Cuando escribo sobre Pacho de Roux son la gratitud por su vida, la admiración por su trayectoria y el cariño sin tregua los que se toman las letras y forman palabras, líneas de afecto y de respeto por alguien que le ha entregado su corazón íntegro a la construcción de paz y verdad en Colombia.
No voy a enunciar los hechos que han sido ampliamente difundidos por la prensa desde el martes pasado; diré, sí, que me enardece la conducta del cura Darío Chavarriaga contra los hermanos Llano, cuando ellos eran apenas unos niños y él un nefasto director de estudios en un colegio confesional de Bogotá.
Siento por el abuso sexual el más profundo repudio; peor aún si es cometido contra la infancia; y todavía más repugnante si el perpetrador es un sacerdote. Tengo razones personales y profesionales para sentir desprecio por los curas abusadores, y necesito que ese rechazo quede suficientemente claro.
Otra cosa —que no debería siquiera nombrarse en la misma página ni en el mismo día— es que, apalancados en delitos cometidos por un cura infeliz en los años 70, se pretenda ahora ensombrecer el nombre del padre Francisco de Roux por supuestas omisiones cuando era el superior provincial de la Compañía de Jesús.
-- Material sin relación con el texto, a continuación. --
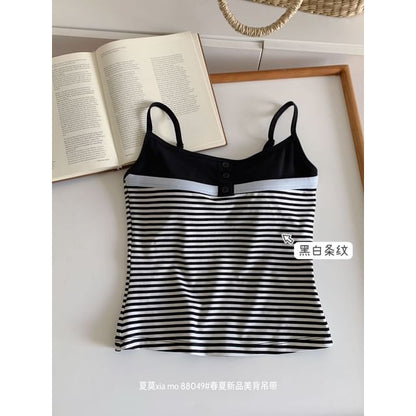 Striped Panel Padded Cami Top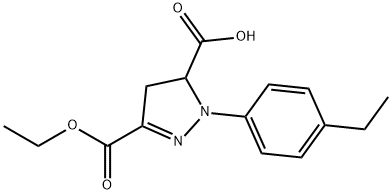 3-(ethoxycarbonyl)-1-(4-ethylphenyl)-4,5-dihydro-1H-pyrazole-5-carboxylic acid Struktur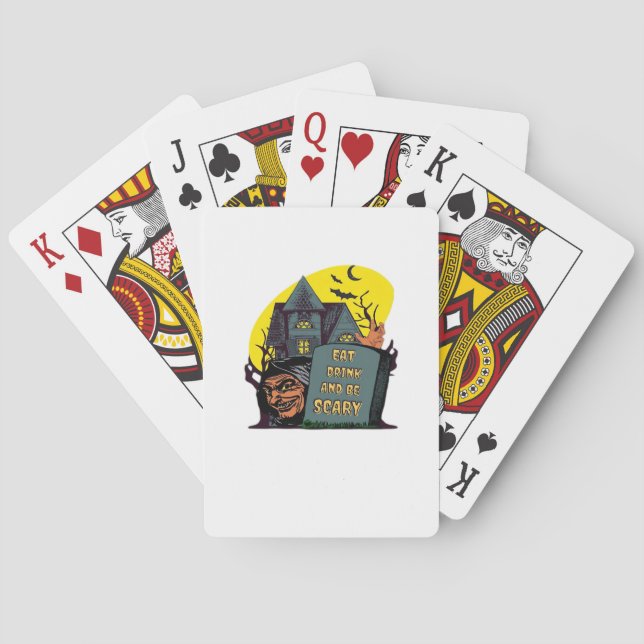 Eat Drink And Be Scary Classic Simple Playing Cards (Back)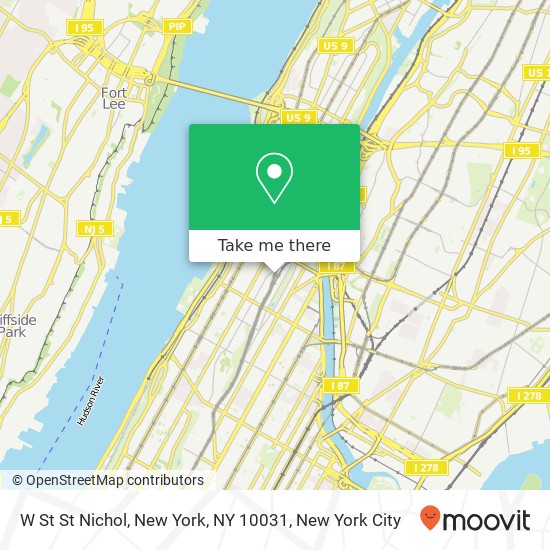 Mapa de W St St Nichol, New York, NY 10031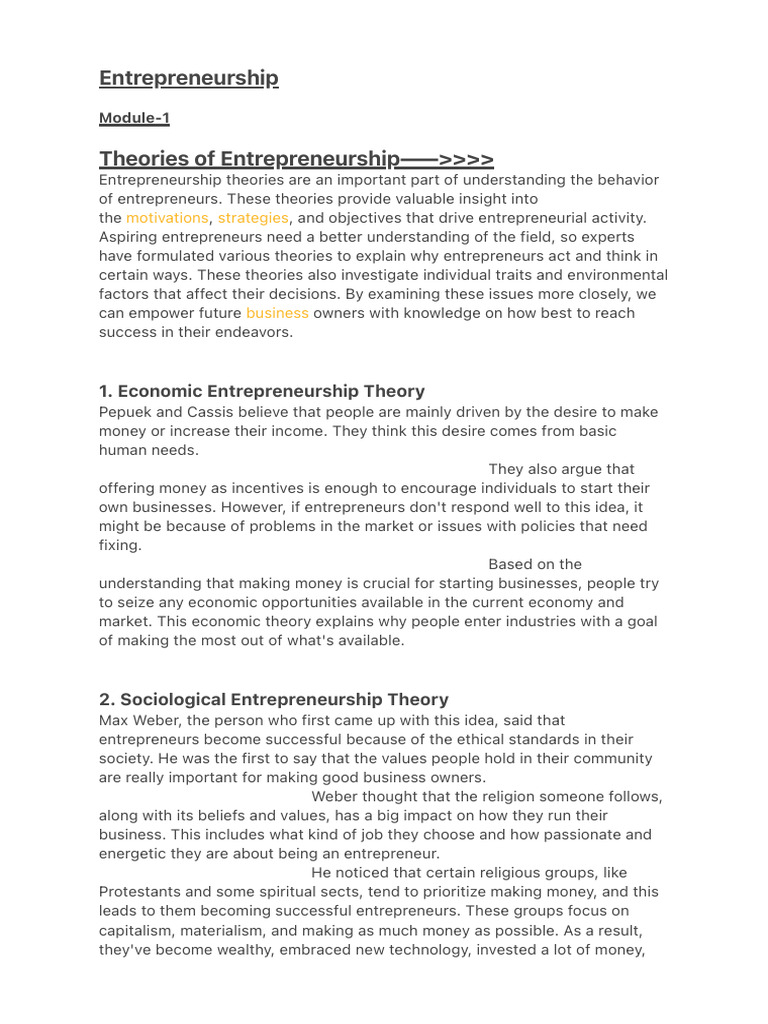Theories of Entrepreneurship Explained | PDF | Entrepreneurship ...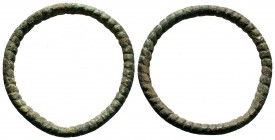 A Nice Byzantine Bracelet, 7th - 11th Century AD.
Condition: Very Fine

Weight: 36 gr
Diameter: 59 mm

Provenance: Property of a Dutch gentleman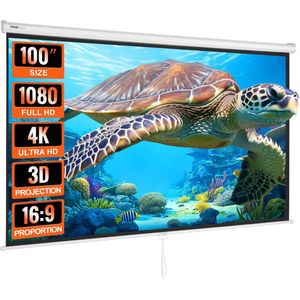 projectieprojectiescherm 254 cm HD 4K buiten binnen handmatig projectiescherm snel opvouwbaar draagbaar filmscherm 16:9 voor thuisbioscoop, camping en vrijetijdsevenementen zwart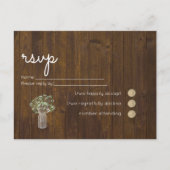 Budget Rustic Gypsophila Mason Jar Wedding RSVP Uitnodiging Briefkaart (Voorkant)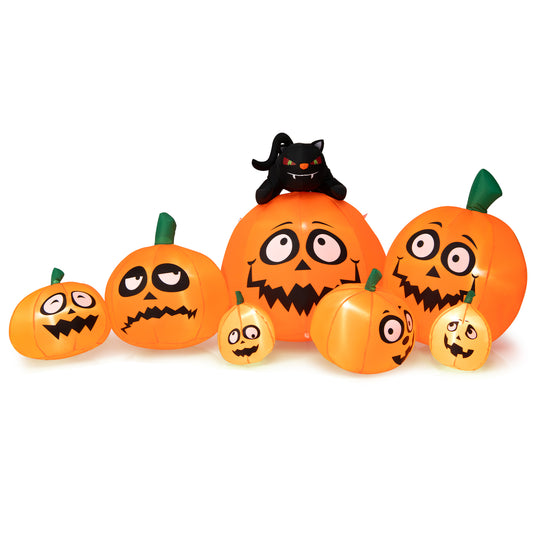 Topbuy 9.5 FT Long Inflatable Pumpkin Combo w/ Black Cat Extra Long Blow-up Pumpkin Halloween Decoration w/ Built-in LED Lights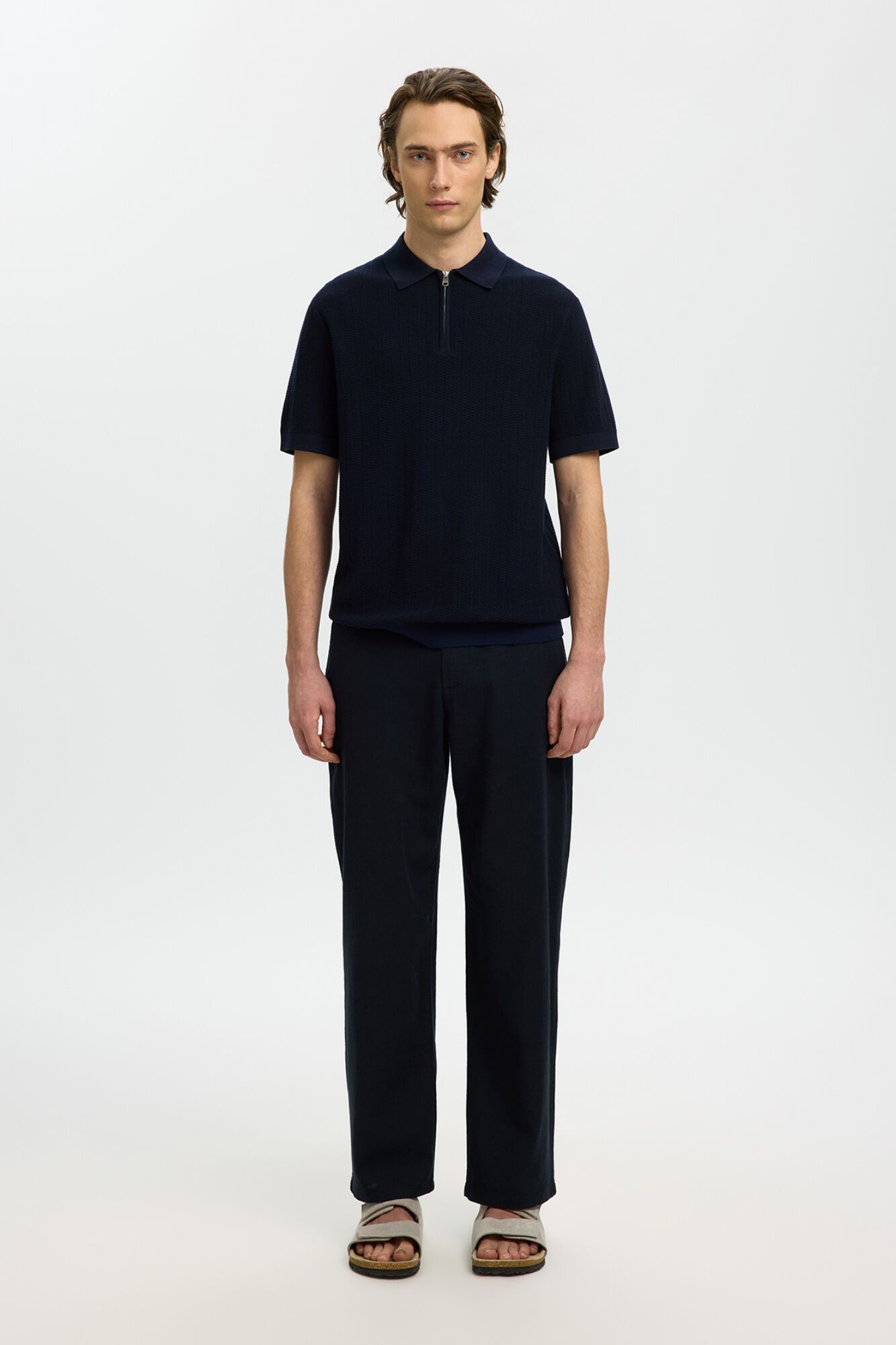 Selected Polo de punto con media cremallera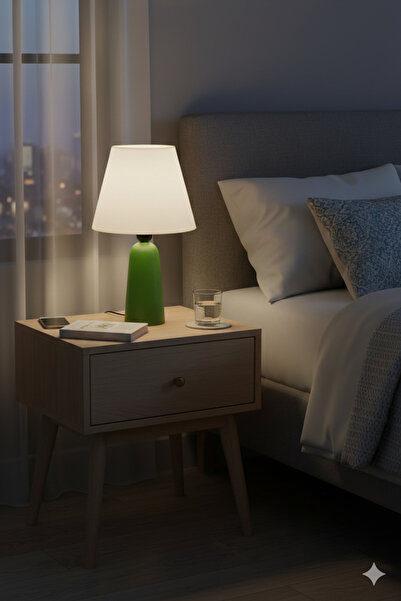 Lambazade Zümzade Model Green Wooden Body with White Headboard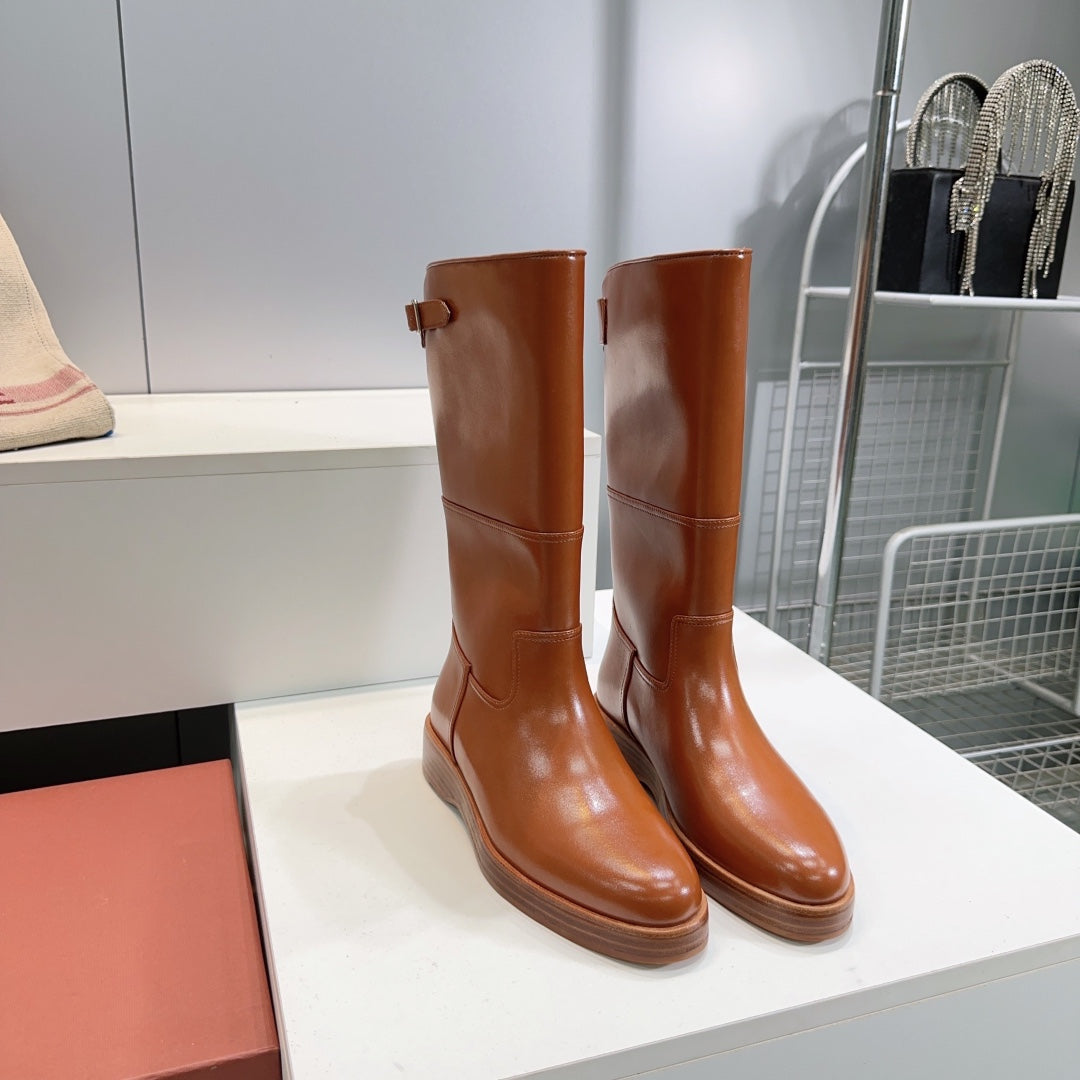 LP 25S LUPO BOOT IN BURNT ORANGE CALFSKIN - 35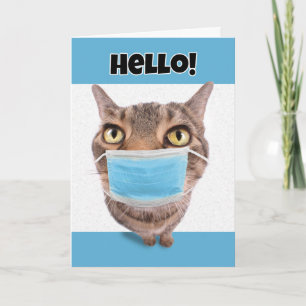 Cartão De Festividades Olá, pensando em você, Gato de Tabby, no Coronav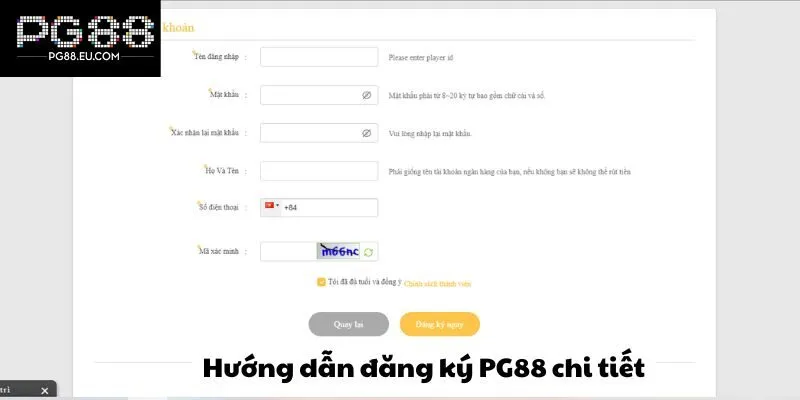 Hướng dẫn đăng ký PG88 chi tiết và nhanh chóng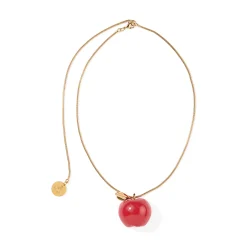Andrés Gallardo Large Red Apple Gold-Plated Necklace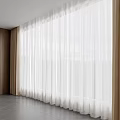 Sheer White Curtains For Modern Interior With Wooden Accents And Natural Light
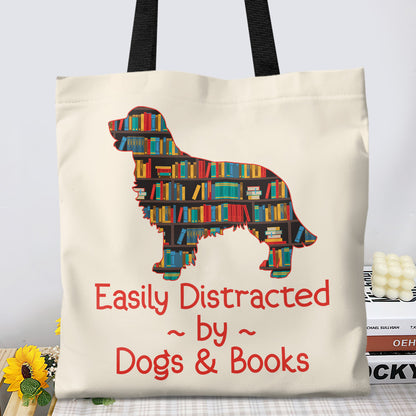 Easily Distracted By Dogs And Books Book Lovers Gift TBW31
El padre de Roux hizo lo que podía hacer con las herramientas de entonces, y ha explicado reiteradamente qué haría hoy, a la luz de las nuevas disposiciones legales y eclesiásticas. Con los recursos canónicos del 2014 (cuando el padre de Roux supo del caso) expulsó de la decanatura al cura abusador, lo enclaustró en una residencia para sacerdotes terminales y le prohibió todo contacto con niñas, niños y jóvenes.
No entiendo cómo la Universidad Javeriana le hizo un homenaje “de reconocimiento y despedida” al cura expulsado. Pero eso también es otra cosa, y el padre de Roux nada tuvo que ver con ese exabrupto.
Si hay alguien a quien yo le confiaría mi vida, mi alma imperfecta, mi pasado, mi presente y mi futuro, sería al padre Pacho de Roux, expresidente de la Comisión de la Verdad y ejemplo de una vida entregada a los más vulnerados. Por personas como él uno siente que el creador no se equivocó tanto cuando inventó este mundo. Pacho convierte la bondad en acción y la ilumina con la luz de sus ojos; la ejerce con su valentía, testigo de miles de dolores padecidos por los colombianos en más de 60 años de conflicto armado. La Bondad con mayúscula habita ese hombre que parecería tener la fragilidad de un copo de nieve, y alberga la fortaleza de una montaña.
Un abrazo de Pacho de Roux reconstruye la esperanza y aleja los miedos. A él y a lo que él y la Comisión de la Verdad han hecho por la paz de nuestro país, los defiendo y defenderé en público y en privado, en mis columnas y en cualquier escenario donde pueda hacerlo. Porque él es lo que es, y porque me indigna la manipulación que pretende lesionar su nombre y su legado.
No me nace —en cambio— defender a la Iglesia, ni mucho menos a los curas en genérico. Son muy pocos (auténticos e inolvidables) los sacerdotes en los que he confiado, y siempre agradeceré su amistad, solidaridad y sabiduría. Lo que siento y pienso de Pacho no se lo debo a su condición religiosa: se lo debo a su historia de vida, a la sencilla grandiosidad de su alma que movió y conmovió la mía y la de miles de colombianos que, gracias a él y a la Comisión de la Verdad, hoy estamos 28.580 testimonios más cerca de la reconciliación.